Monday, March 29, 2010

Someone call a doctor: Is there a place for theology in the healthcare debate?

In my pastoral theology class yesterday we attempted to discuss the theological dimensions of the groundbreaking healthcare legislation which has been such a point of high contention in our nation over the past nine months or so. As our professor pointed out, evangelical leaders have been remarkably silent on this issue. Certainly we would agree that items which turn into a national obsession, prompting hours of discussion around water coolers and dinner tables, are never exempt from being brought into the pulpit, and yet we are left with deafening silence from our leaders on the theological justifications or concerns of nationalized healthcare.

Perhaps one explanation for this silence is the fear of partisan backlash from congregants or admirers. After all, I can't think of a more politically polarizing week than what we just had in this country. Every single Republican in the Congress voted against the bill the president just signed into law; if a politician supported this bill, he or she was a Democrat, and most likely not a so-called Blue Dog Democrat. Pastors and denominational leaders understandably should enter this politically and philosophically fractured debate with trepidation.

But I think more is going on here. At issue for many must be the theological tension which exists in this debate due to the biblical understanding of social justice and the hard lessons of recent human history. Church leaders must be aware of the remarkable injustice of the healthcare system as we have known it. And there must be a point at which we cringe at the avarice which was displayed by all sides of this recent debate. Whether the sticking point was our national debt, my increasing taxes, or grandpa's Medicare, greed absolutely propelled a debate which should have only been about the greater good of our society.

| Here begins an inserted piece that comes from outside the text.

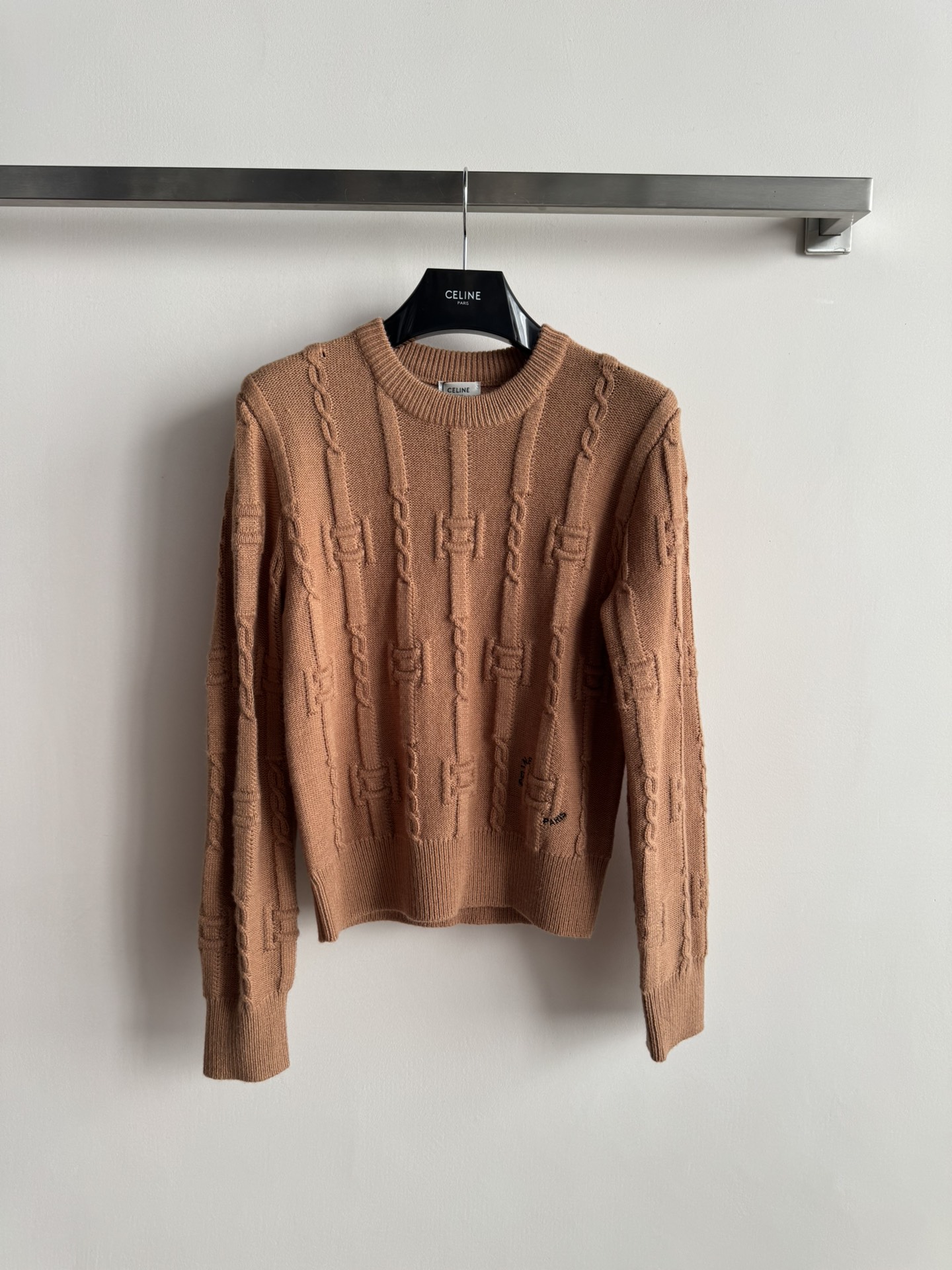 NO:624186,CHANE*25FW new pullover sweater with round neck is simple and versatile, the texture is soft and comfortable, and the upper body shows a gentle temperament. The regular version is comfortable to wear without restraint, and can be worn for daily commuting!  Four colors SML-,,chanel,alexander wang19860909CHANE*25FW新款套头毛衫圆领简洁百搭,质感柔软舒适,上身显温柔气质 常规版型穿着自在无束缚,日常通勤都可穿！四个色SML-,,chanel,alexander wang,Women's clothing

At the same time, we Americans who took advantage of collapsing Socialist governments of the 20th century to stake our own claim to world domination are keenly aware of what happens when society depends on government structures to do our good work for us. With a population of over 300 million, the structure necessary for a complete overhaul of medicine must have the most integrity of any social structure in history if it is to stand the test of time in any positive way. A House vote which hinged on pro-life Democrats abandoning their ethical ship in the waning moments of the 11th hour already says something damning about the integrity of this particular structure.

Consider this lengthy quote from the German theologian Helmut Thielicke:


Milan Machovec has classically described the resistance to the fall in the Marxist-Leninist system (in his “A Marxist Looks at Jesus”). As he points out, Marx and his first disciples sharply criticized the social system which left the alleviation of human suffering to private initiative and therefore to chance. Three or four generations of Socialists knew very well what G.B. Shaw portrayed in his plays, namely, that “private Samaritans” do not alter the foundations of exploitive capitalist society but simply promote the allusion of the pure and the pharisaism of the rich—a double deception which has to be radically dispelled. Socialist states, then, set up a system of social security to care for the sick and handicapped and unemployed. But how could these noble 19th century Socialists foresee that in the 20th century a situation would arise in which thousands of people would believe that official institutions alone are responsible for the needy, that the state has taken over everything, that the compassionate and self-sacrificing heart has been replaced, and that at the last resort individuals would feel no discomfort for others suffering around them? Thus the ancient egoism and cowardice and pharisaism come back in new garb. The devil cannot be banished or outplayed by institutional safeguards. The fall cannot be organized away, for it transcends organizable structures. The resistance of the bad as it occurs in a new form gives the lie to the dream that love can be institutionalized and that this institutionalization will give rise to non-alienated man.


Ultimately there is an incredible tension which we believers face between all that is right about affordable healthcare and all that is wrong about the relatively short history of government-structured socialism. This is what our intellectual and theological leaders must wrestle with in the days and years to come. One thing is certain: silence won't cut it any longer.